Wie die Generalprokuratur in ihrer zur Wahrung des Gesetzes erhobenen Nichtigkeitsbeschwerde zutreffend aufzeigt, steht das Urteil des Oberlandesgerichts Linz vom 15. Jänner 2009, AZ 7 Bs 422/08w, soweit darin Ersen B***** des Vergehens der Körperverletzung nach §§ 15, 83 Abs 1 StGB (Punkt 1./) schuldig erkannt wurde, mit dem Gesetz nicht im Einklang.

Das Oberlandesgericht Linz führte nämlich richtig aus, dass die festgestellten Rötungen - auch angesichts mangelnder Erkennbarkeit von Verletzungen auf den noch am Tattag angefertigten Lichtbildern (ON 2 S 69) - die für die Beurteilung als Körperverletzung oder Gesundheitsschädigung im Sinn des § 83 Abs 1 StGB erforderliche Erheblichkeitsschwelle nicht erreichten (Burgstaller/Fabrizy in WK2 § 83 Rz 8 ff).

Mangels tatbestandsmäßigen Erfolgs vermögen damit aber auch die durch das Rechtsmittelgericht übernommenen erstgerichtlichen Urteilsannahmen zur subjektiven Tatseite des Verurteilten, wonach dieser eben diese (nicht tatbildlichen) Rötungen am Haaransatz zumindest billigend in Kauf nahm (Ersturteil S 10), einen Schuldspruch nach §§ 15, 83 Abs 1 StGB nicht zu tragen, weil der festgestellte Vorsatz demnach auch nicht auf die Verwirklichung eines Sachverhalts gerichtet war, der einem gesetzlichen Tatbild entspricht (Reindl in WK2 § 5 Rz 5 ff).
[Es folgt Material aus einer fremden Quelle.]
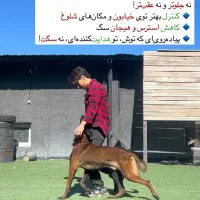مربی سگ ، آموزش سگ|خدمات آموزشی|اهواز, کیانپارس |دیوار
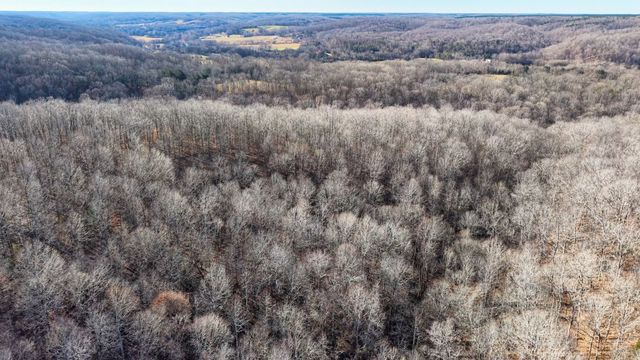 0 Old Swan Rd, Centerville, TN 37033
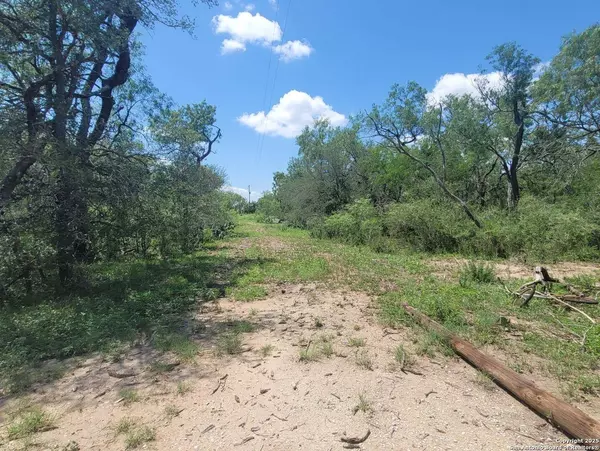 2142 Blue Creek, La Vernia, TX 78121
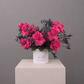 Fuchsia Burst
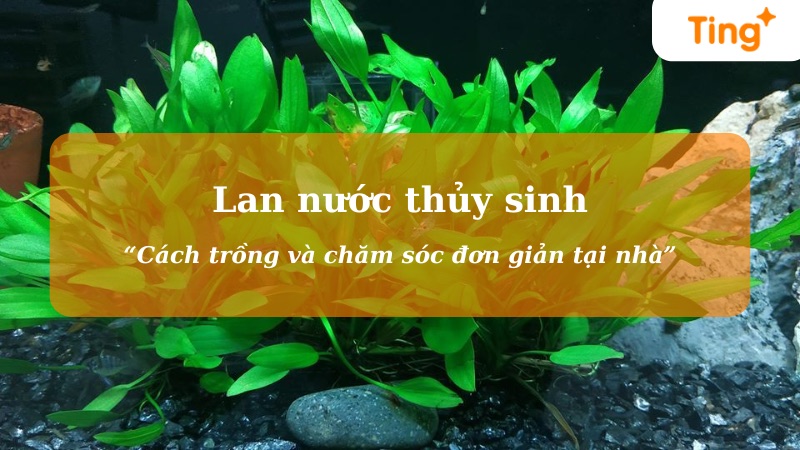 Lan nước thủy sinh — cách trồng và chăm sóc tại nhà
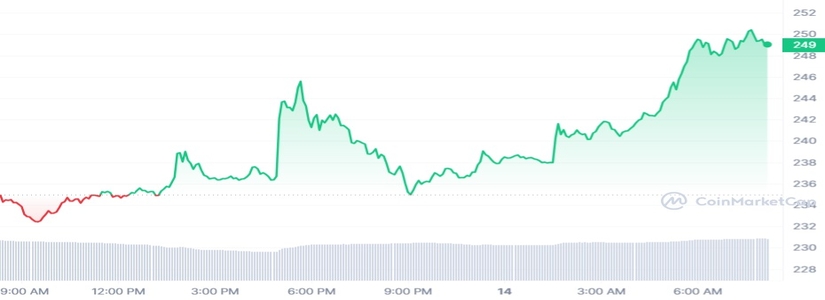 BNB leads the market. and its going up non stop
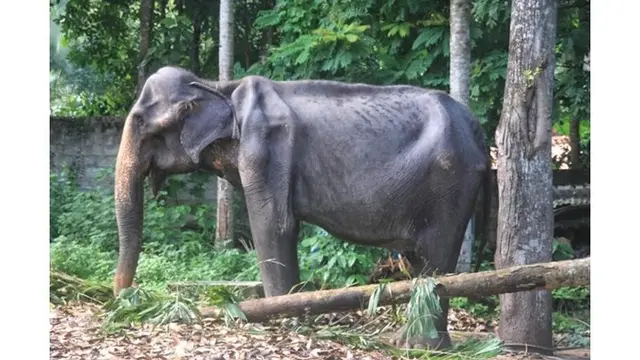 Tragis, Gajah Kurus yang Dipaksa 'Bekerja' Tiap Malam Akhirnya Mati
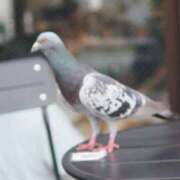ヒメ日記 2026/06/06 08:40 投稿 霧島　ゆう Amateras～アマテラス～
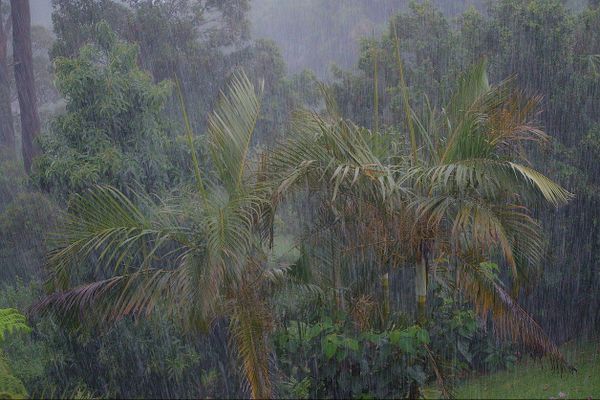 Temps de tempête tropicale.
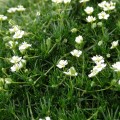 green-moss_sagina-subulata_78139_3.jpg
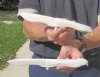 Two 9-1/4 inch Alligator Carved Jaw Bone Knives, hand crafted out of a real alligator's jaw bone (You are buying the two knives shown) for $14.50 each.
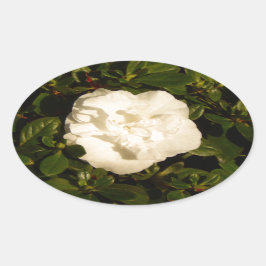 Pegatina Ovalada Jasmine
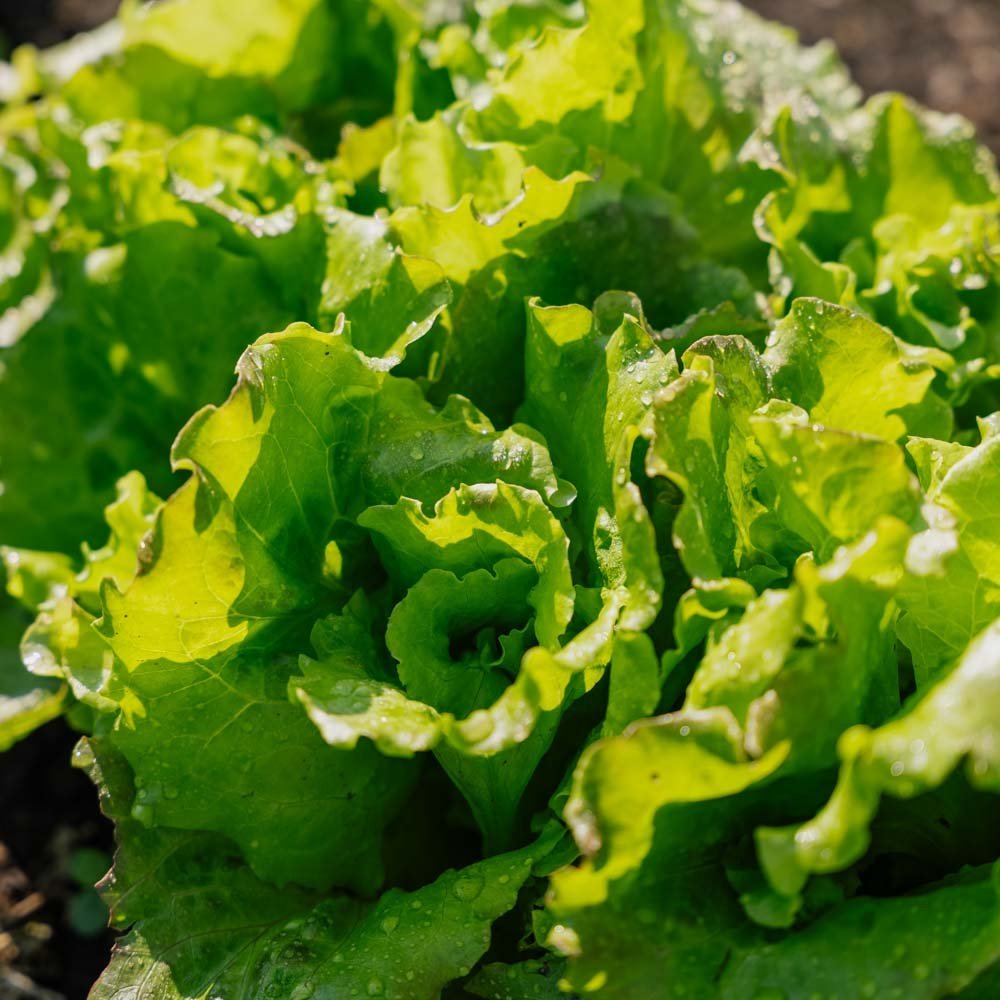 Batavia salaatin siemenet 'Maravilla de Verano' - 200 luomusiementä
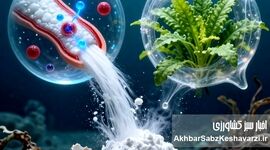 کیتوزان؛ طلای سفیدی که از دل ضایعات میگو جوانه می‌زند/ وقتی زباله، فرشته نجات می‌شود!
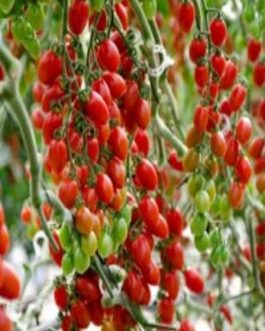Semillas de Tomate Cherry Perita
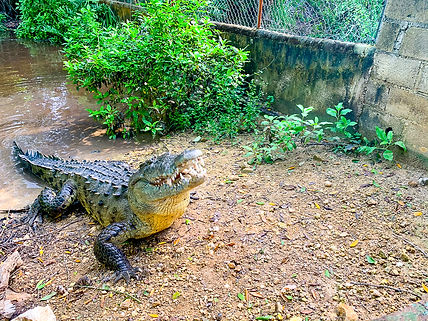 Crocodile2.jpg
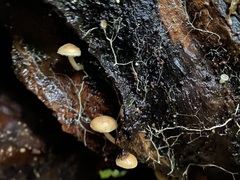 Pholiota pallidocaulis
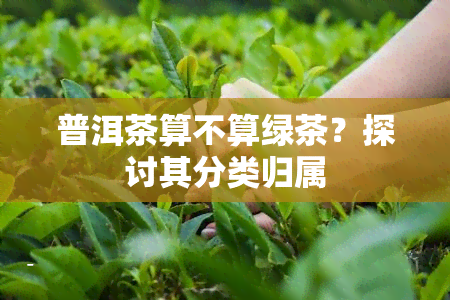 普洱茶算不算绿茶？探讨其分类归属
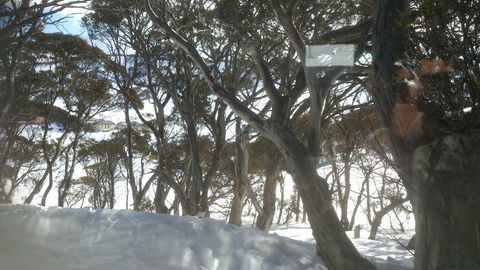 Barina Milpara Lodge - Accommodation Bookings 1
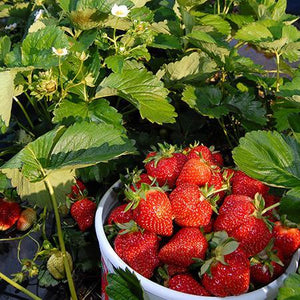 Everbearing Strawberry - USDA Organic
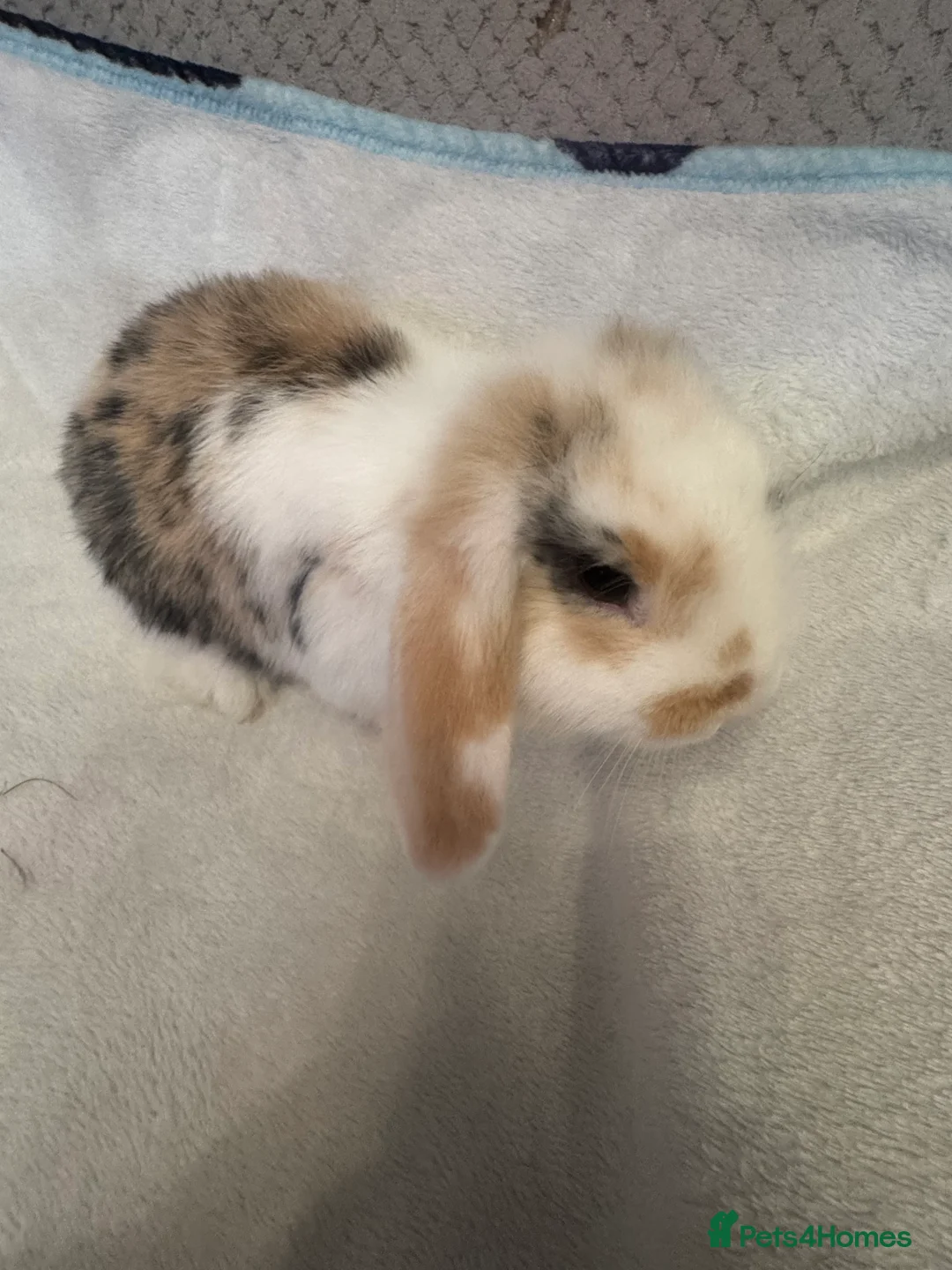 Mini Lop rabbits for sale: Mini Lops for sale - Advert 1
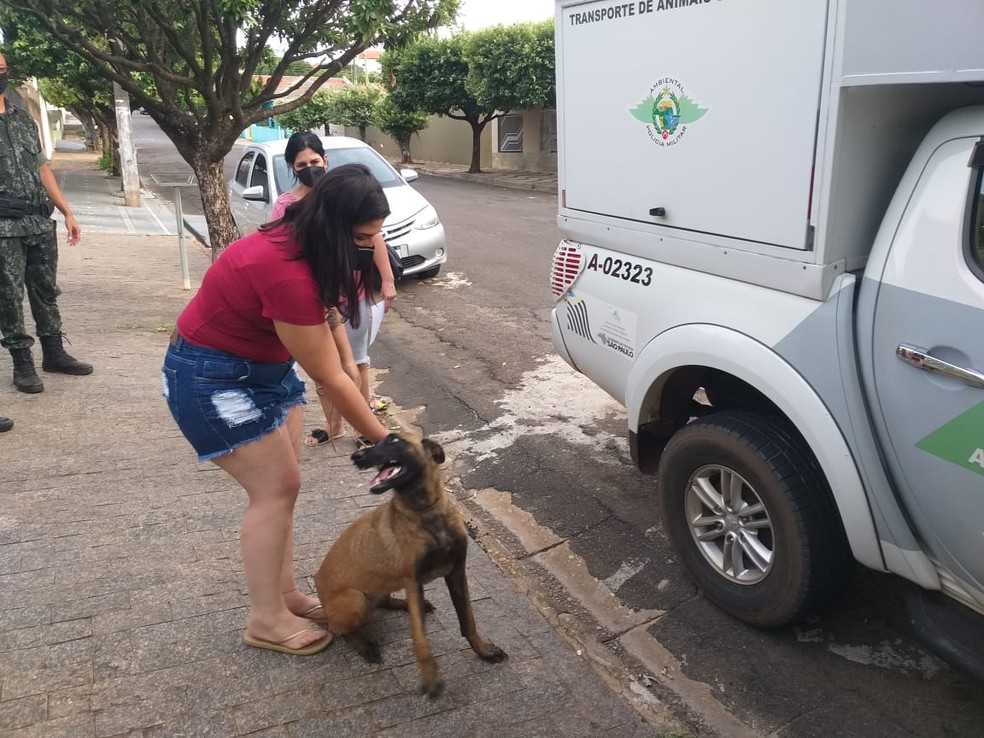 Homem é multado por maus-tratos a animais em Pracinha (SP) — Foto: Polícia Ambiental 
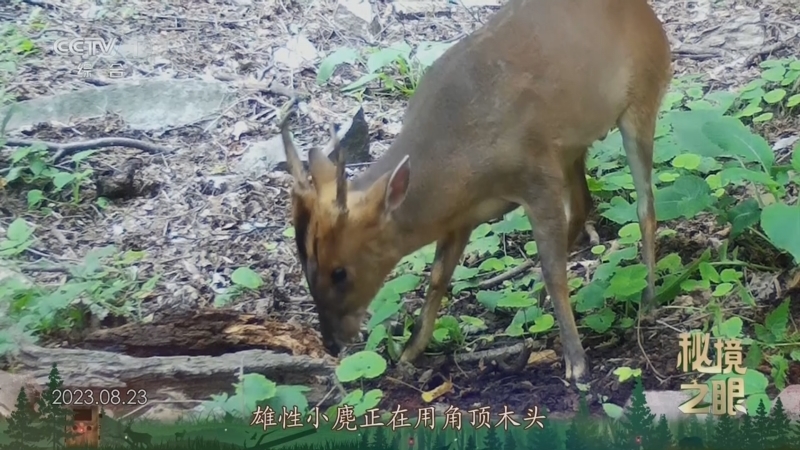 秘境之眼 《秘境之眼》 小麂 20250905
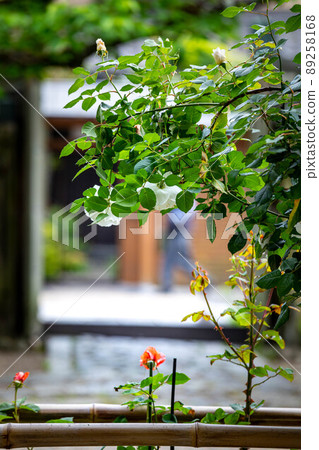 上郡神社,玫瑰花盛開的地區和京都安靜的街角風景 上郡神社,玫瑰花盛開的地區和京都安靜的街角風景 89258168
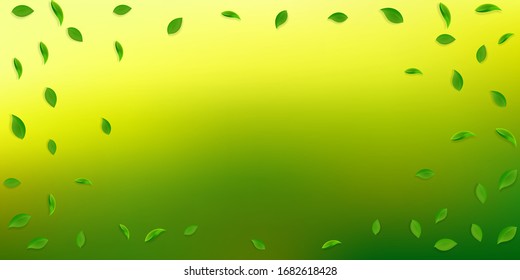 Falling green leaves. Fresh tea random leaves flying. Spring foliage dancing on white background. Appealing summer overlay template. Great spring sale vector illustration.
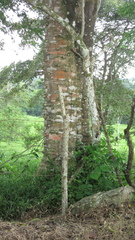 Zanthoxylum setulosum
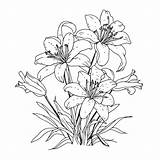 Lily Coloring Pages To Download And Print For Free sketch template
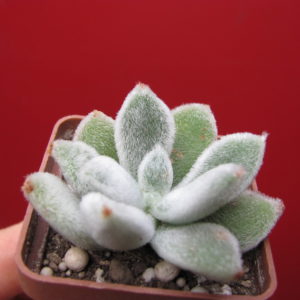 Echeveria leucotricha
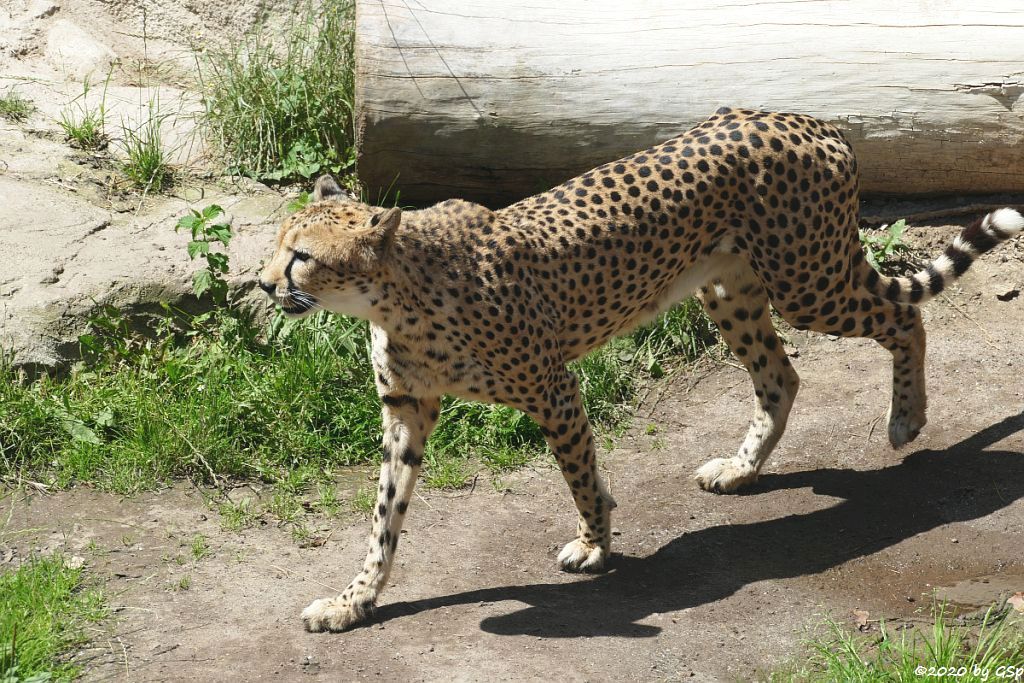 Südafrikanischer Gepard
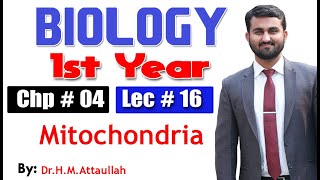 Mitochondria  Chapter 4  1st year Biology  Lec  16 [upl. by Anjali]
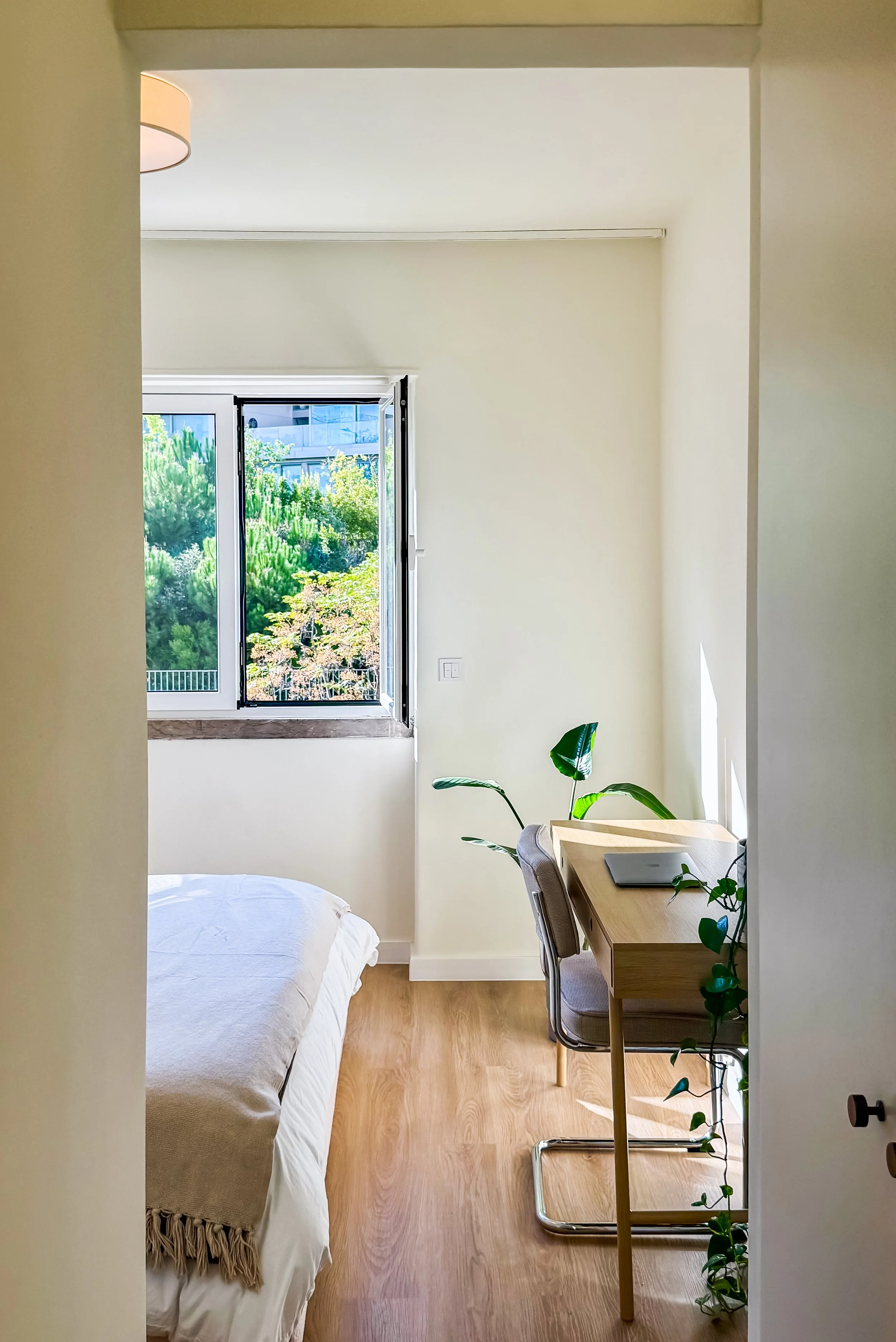 Copy of Infante Santo 56-91.jpg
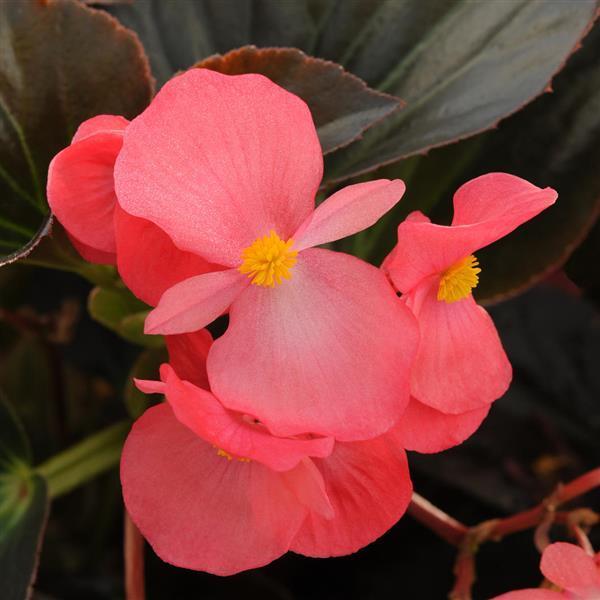 Begonia, Whopper Bronze Leaf Rose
Der deshalb mit Nichtigkeit nach § 281 Abs 1 Z 9 lit a StPO behaftete Schuldspruch wegen Vergehens der Körperverletzung nach §§ 15, 83 Abs 1 StGB wirkt sich zum Nachteil des Ersen B***** aus. Der Oberste Gerichtshof sah sich daher veranlasst, das Urteil des Oberlandesgerichts Linz als Berufungsgericht vom 15. Jänner 2009, AZ 7 Bs 422/08w, in diesem Punkt aufzuheben und Ersen B***** von der entsprechenden Anklage gemäß § 259 Z 3 StPO freizusprechen. Bei der dadurch erforderlich gewordenen Neubemessung der Strafe war als erschwerend das Zusammentreffen mehrerer Vergehen, die Begehung während anhängigen Strafverfahrens (Schuldsprüche zu A./1./f./ und B./1./) sowie die einschlägige Vorstrafe zu werten, als mildernd das Alter unter 21 Jahren, die teilweise (wenn auch insgesamt geringfügige) subjektive Schadensgutmachung und das längere Zurückliegen der Taten. Hievon ausgehend erweist sich eine Freiheitsstrafe von vier Monaten als schuld- und täterpersönlichkeitsangemessen, die schon im Hinblick auf das Verschlimmerungsverbot unter Bestimmung einer Probezeit von drei Jahren, deren Lauf bereits am 16. Jänner 2009 begonnen hat, bedingt nachgesehen werden musste.